New Era, New Equipment
From 2000 until the present has also been a period of change for Colony’s fleet, according to General Superintendent Mike Bell. At the start of the 21st century, the company was using Blaw-Knox 161 pavers with standard screed boards and Dynapac rollers.
In 2001, the company invested in a Blaw-Knox 180 and a Hypac CB series roller. The 180 series paver included a Util-A-mat screed board, which improved density, and heavy duty extensions for paving wider passes.
“The 180 and 200 series Blaw-Knox had grade skis that would ride on the road and closely match the desired depth of asphalt,” Bell said. “This would take out some human mistakes, but any rock, hole or pile of mix would send the machine into a mass of corrections.
The Hypac CB rollers offered vibration isolators that gave 12 tons of compaction with a 10-ton roller, as well as reduced operator fatigue.

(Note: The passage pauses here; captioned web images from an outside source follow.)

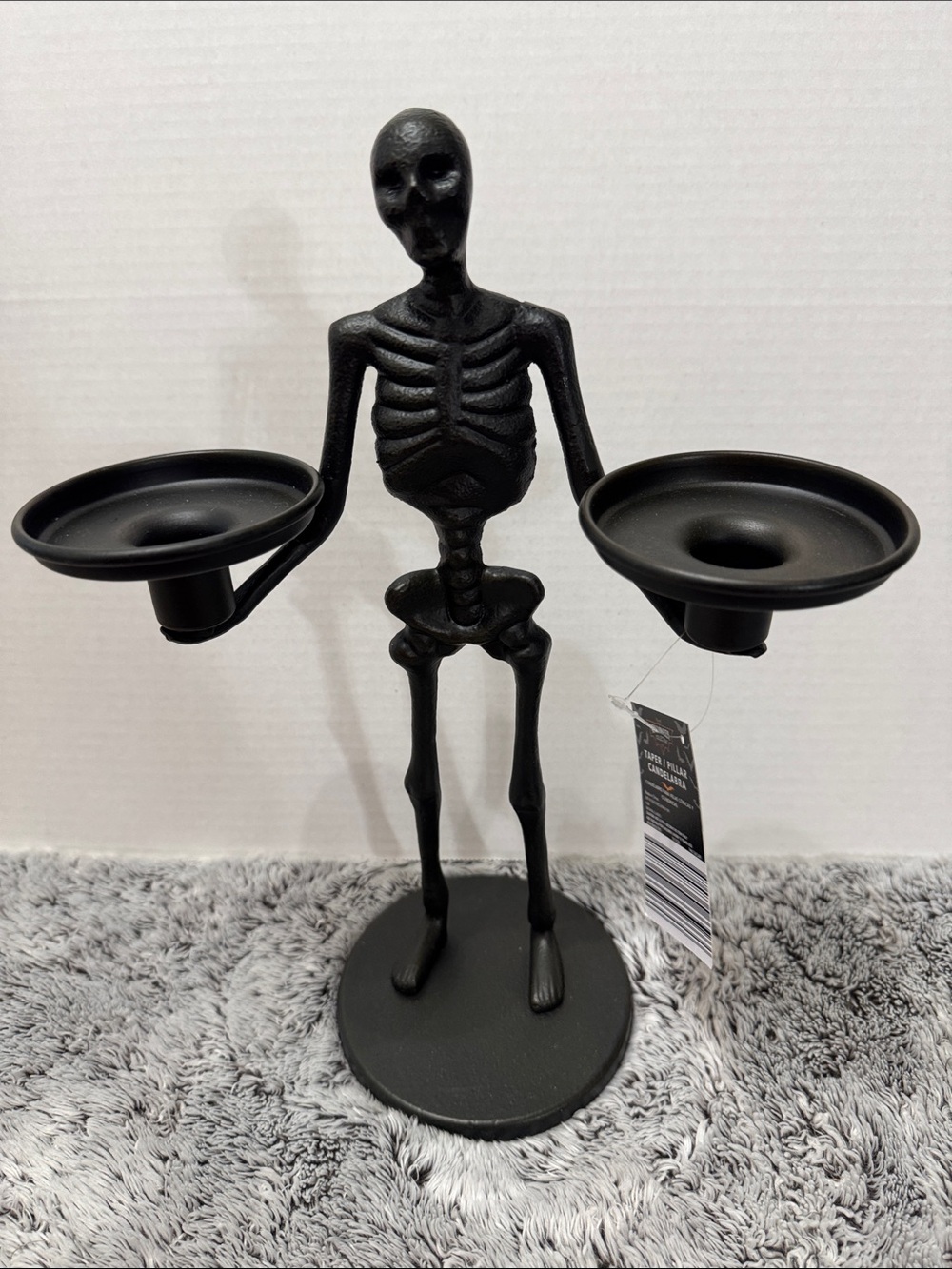Aldi Halloween Skeleton Candelabra Pillar Black 13” Home Decor Candle Holder NWT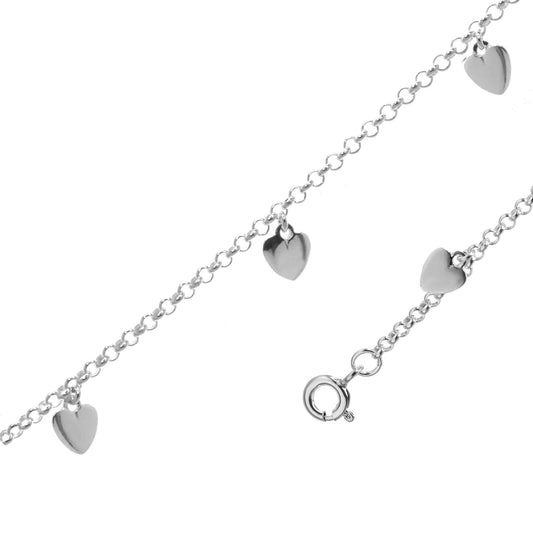 Tobillera de Plata Eslabones con Placas Corazón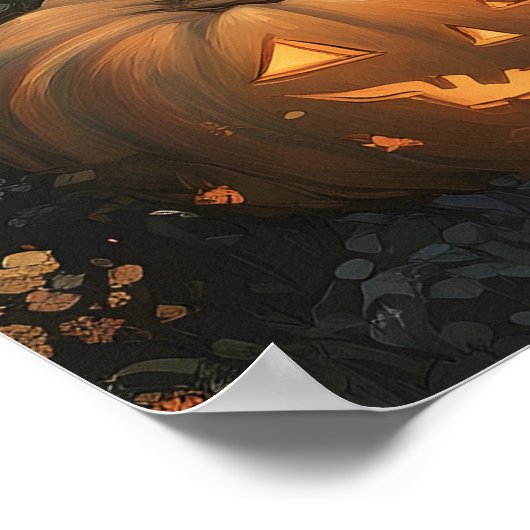 Schattige Spooky House en Halloween pompoen patch Poster (Hoek)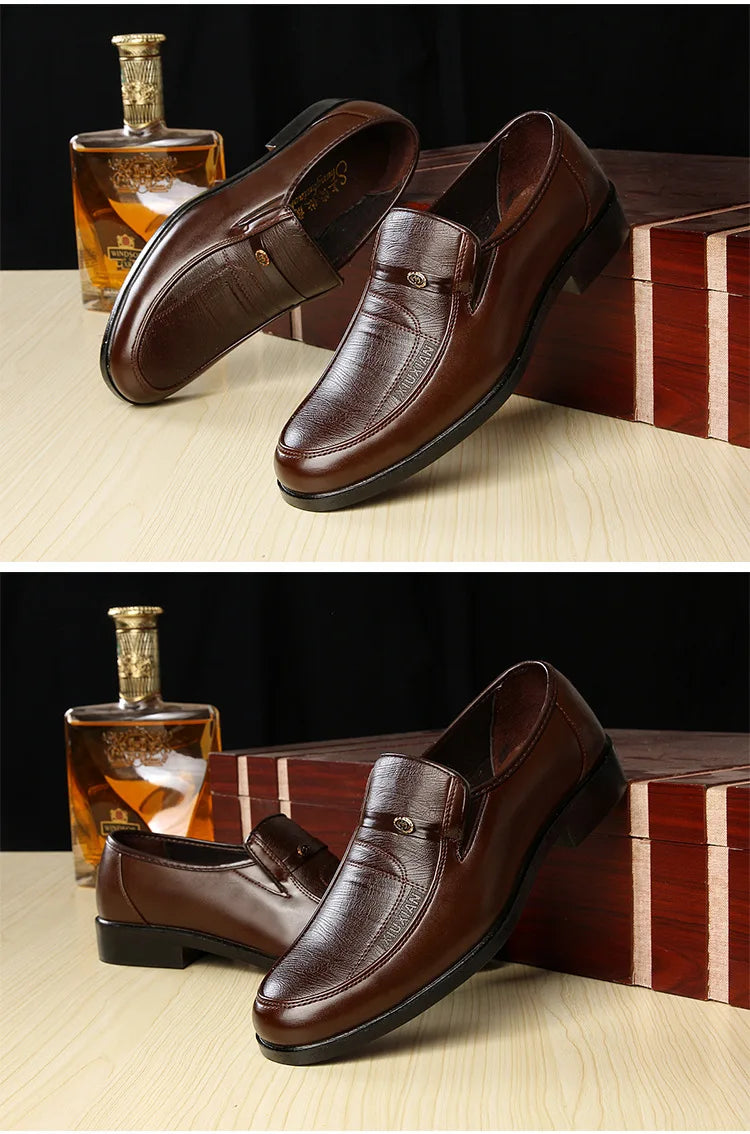 Men's Dress Shoes New Brand Men Business Leather Formal Flat Shoes for Work Office Men Round Shoe Breathable Party Wedding Shoes
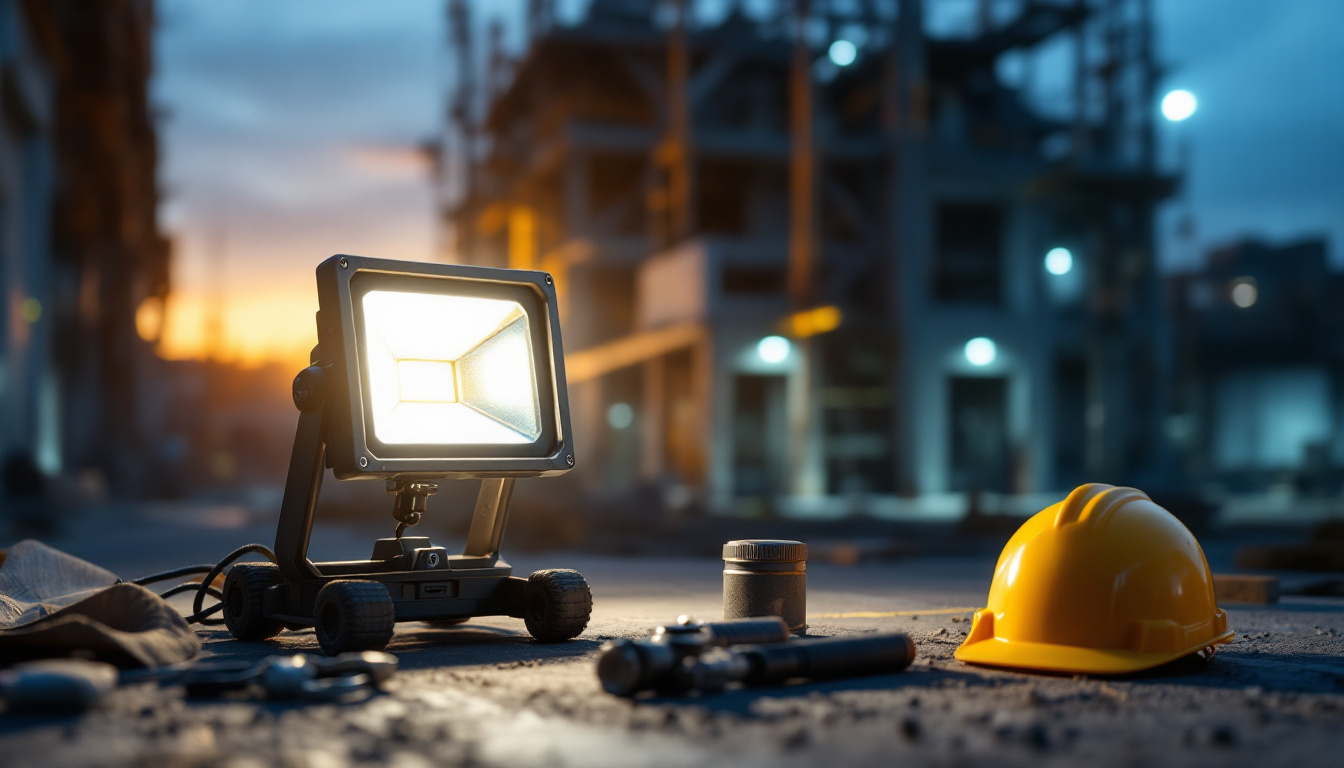 A photograph of a portable flood light in action at a construction site during twilight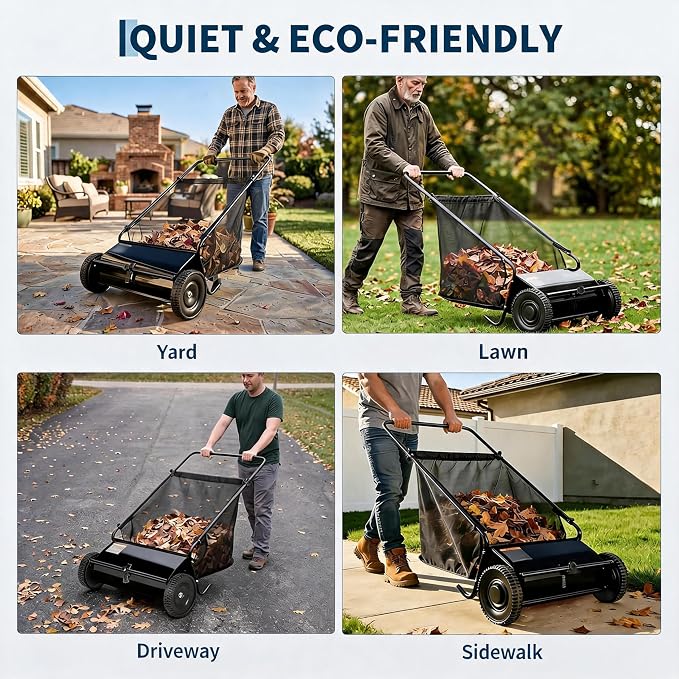 Heavy Duty 26-Inch Push Lawn Sweeper – 4 Fast Spinning Brushes | Height Adjustable, Durable Steel Frame, 7 Cu. Ft. lawn mower, Reduced Plastic Wheels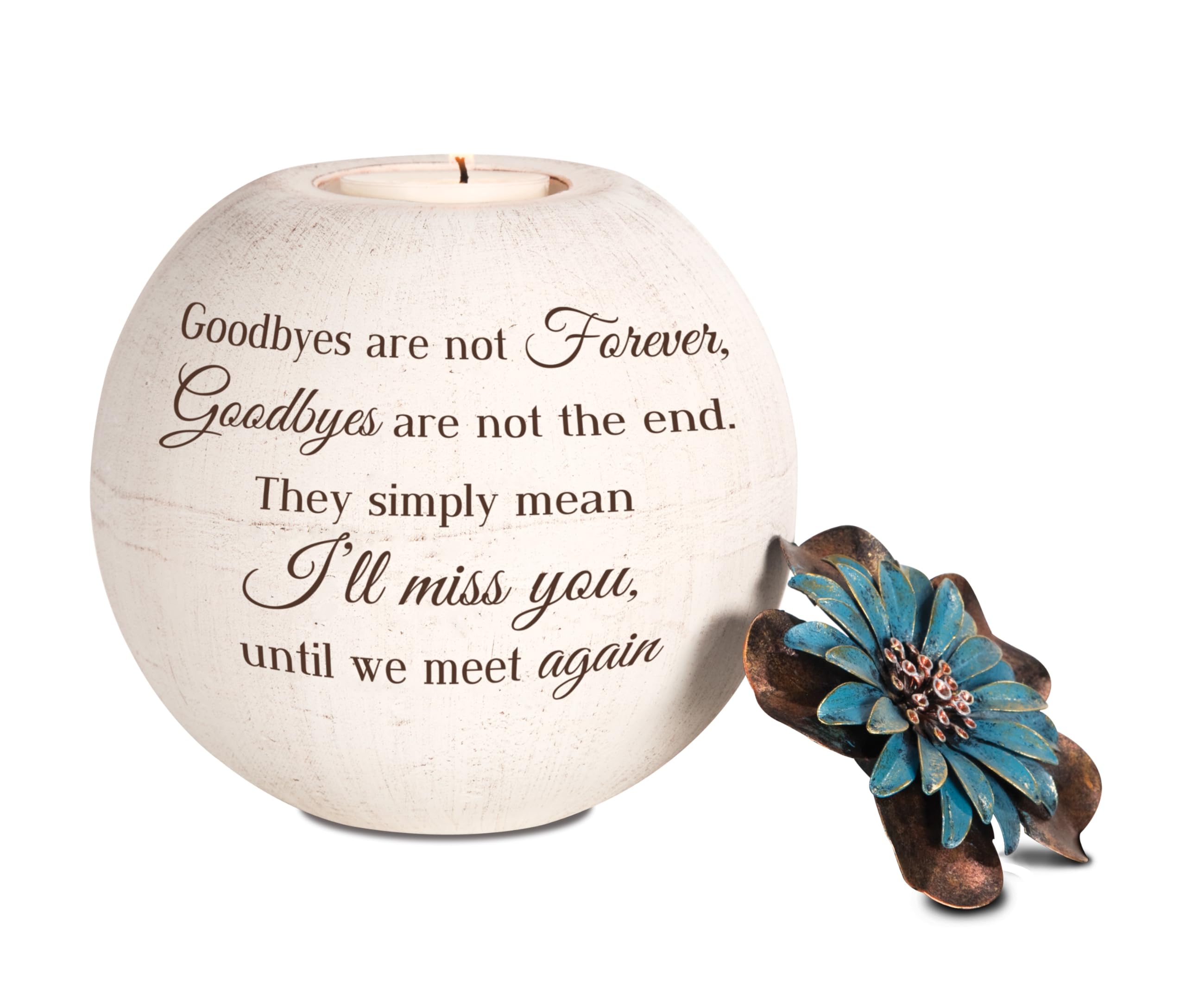 Pavilion Gift Company Cream, Bronze, Teal - I'll Miss You, Until We Meet Again - 5" Round Tealight Terracotta Candle Holder With Metal Lid In Memory Loss Of Loved One Remembrance Bereavement Grief Funeral Gift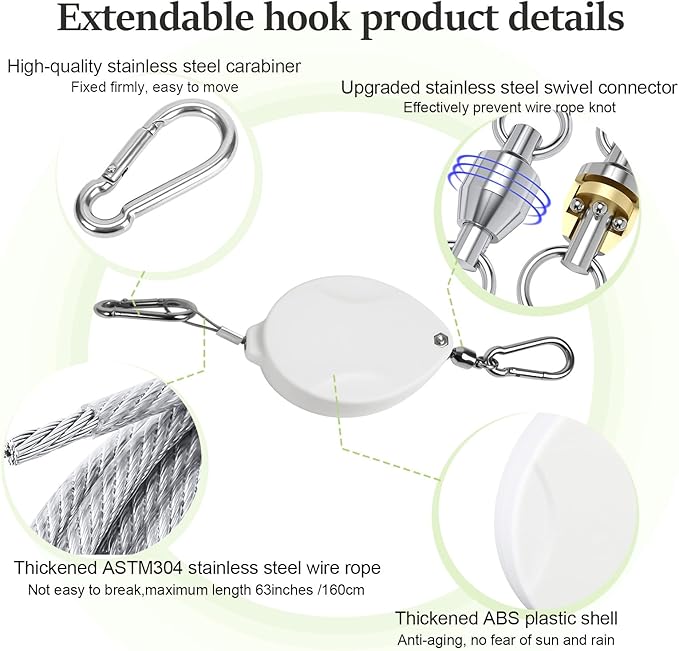 3 Pcs Upgraded Heavy Duty Retractable Plant Hanger,Plant Pulleys for Hanging Plants,Easy to Raise and Lower,Auto Lock,Adjustable Hook for Garden Baskets Pots,Birds Feeder and Grow Lights,White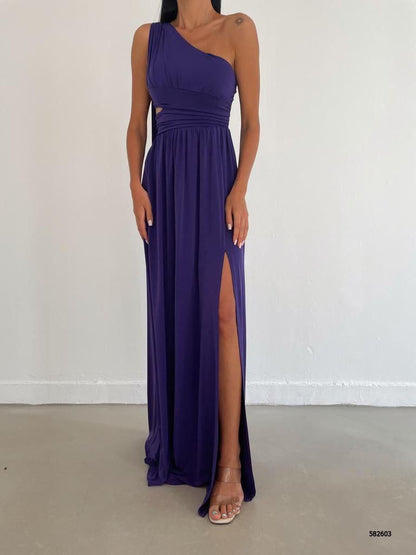 Elegant One-Shoulder Maxi Dress with Thigh-High Slit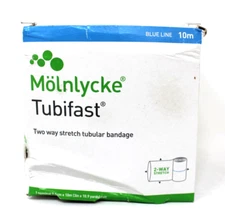 Molnlycke 2436 Tubifast Blue Tubular Bandage 2"x 10M Large Limbs Damaged BX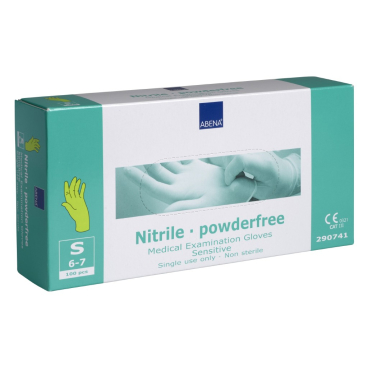 ABENA® Sensitive Nitril Einweghandschuhe, hellgrün 1 Karton = 10 Packungen = 1000 Stück, Größe S - Bild-Darstellung des Produktes 1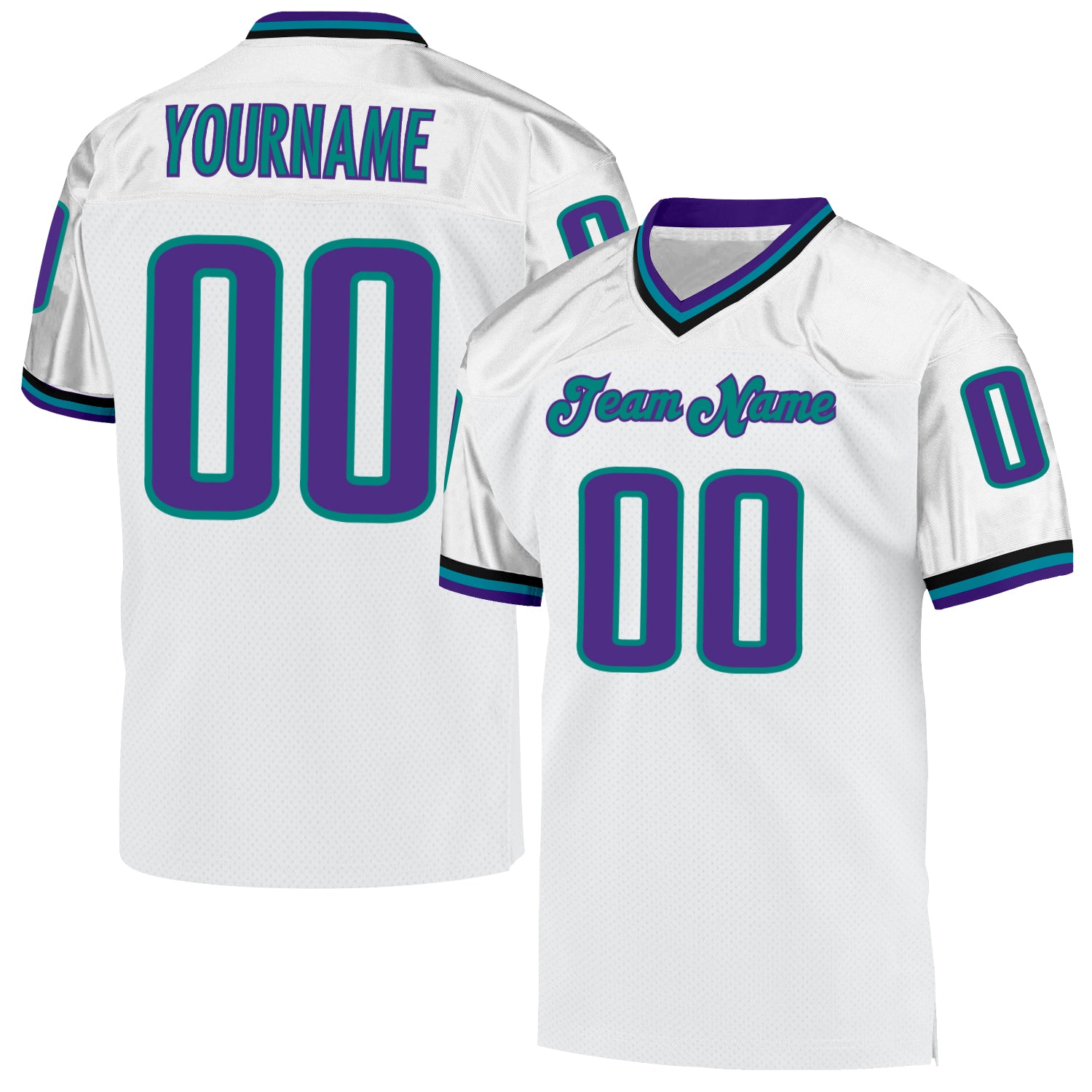 Custom White Purple-Aqua Authentic Throwback Football Jersey Men's Size:3XL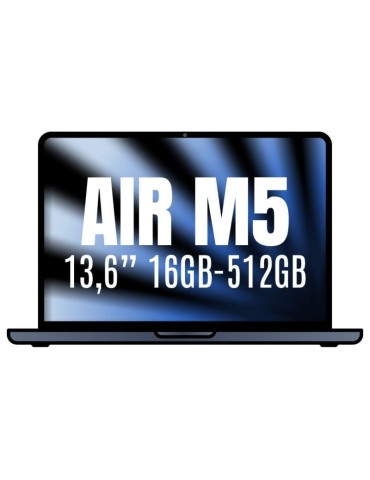 Apple Macbook Air 13,6"/ M5 10-Core CPU/ 16GB/ 512GB SSD/ 8-Core GPU/ Medianoche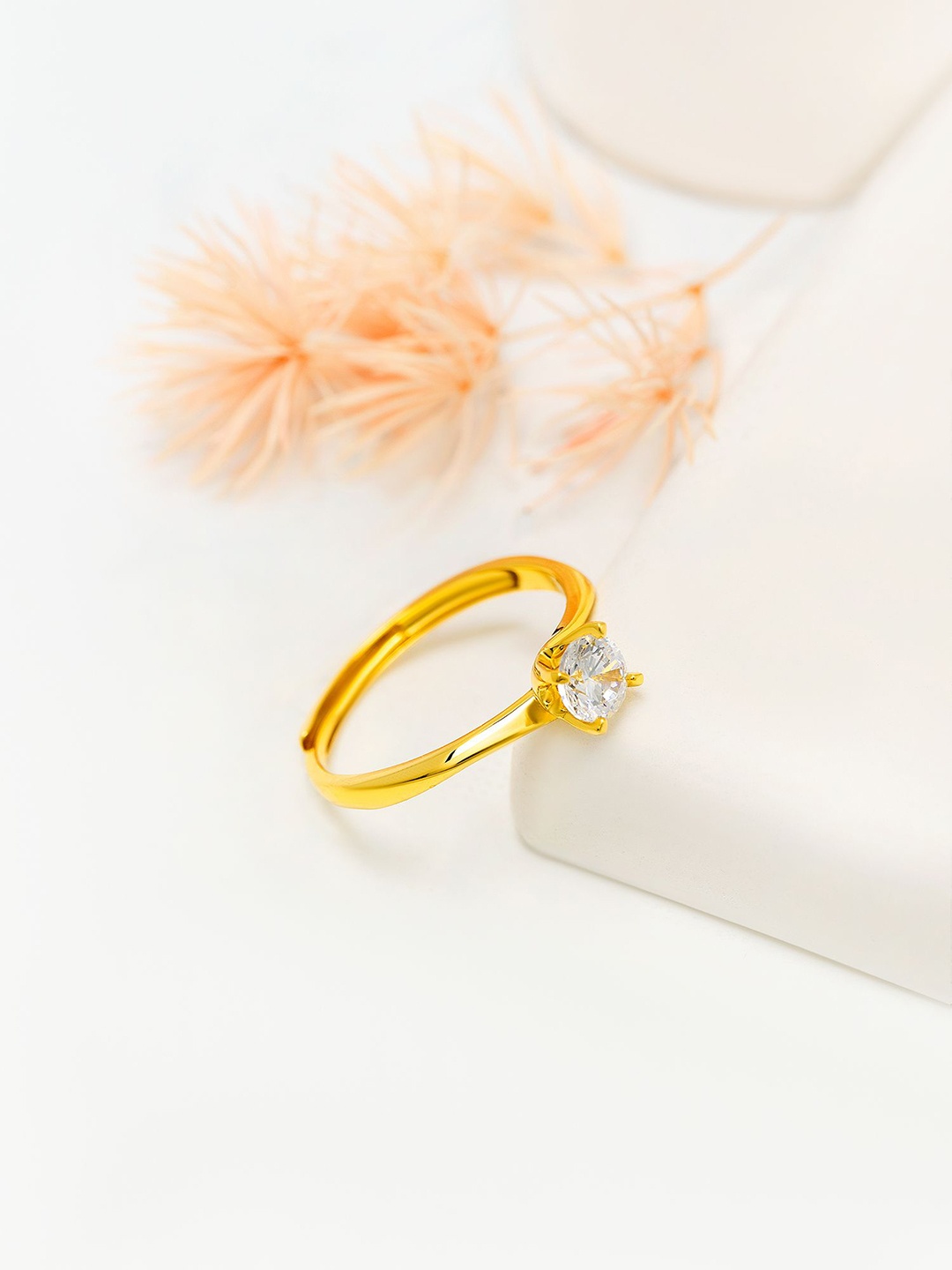 

SILBERRY 18K Gold-Plated Sterling Silver CZ-Studded Finger Ring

“One unique design to this roller was its two seats and a tugboat-style steering wheel,” Bell said. “This made training new operators safe and easy. The operator’s seat and trainee’s seat both had seatbelts and access to the wheel.” The crew nicknamed the roller ‘Tugboat’.
Colony operated its first Blaw-Knox MC-330 material transfer vehicle in 2005. “By going continuous, we were able to smooth out the auger rotation, screed board settling, speed of paver, and countless other variables that cause ride variances,” Bell said.
“With this new found speed and continuous paving, Tugboat was struggling to keep up,” he added, “so we enlisted the help of a pair of Caterpillar CB543XWs.” The 12-ton rollers featured three speed vibrators, high/low amplitude, and the drums were wider than the Hypac CB.
As the company continued to grow, it added a Blaw-Knox PF-5510 paver in 2004, a Weiler MTV in 2009, and two Hamm 120HD rollers. “The 5510 had all the bells and whistles to lay a smooth, uniform mat,” Bell said, including sonar non-contact material sensors, Topcon non-contact four sensor grade control skis, and a variable speed vibrating HD screed. The Weiler MTV enabled remixing to ensure a uniform mix with uniform temperature.
“Hamm HD rollers took everything we learned about rolling and put it at our fingertips,” Bell said. “Speed control, vibration control, amplitude, and water consumption made rolling at 2.5 mph and delivering one impact of the vibration hammer per inch of road on a low amplitude on rear drum and high on front drum as easy as touching a few buttons and watching the display screen.”
“What Hamm did to rolling, Cat did for paving,” Bell said. The four-sensor material handling allows for easier managing of mix as it travels through the auger, he added, and the Moba system (which replaced Topcon) has five sensors per head to offer a more accurate reading. The Cat pavers also have integrated grade and slope controls, variable vibration HD screeds and hydraulic assistance “for pressure when you need it and lift when you don’t.”
“After the seeing the advancements over the last 18 years, the next 18 should bring us even better quality and longer lasting roads,” Bell said.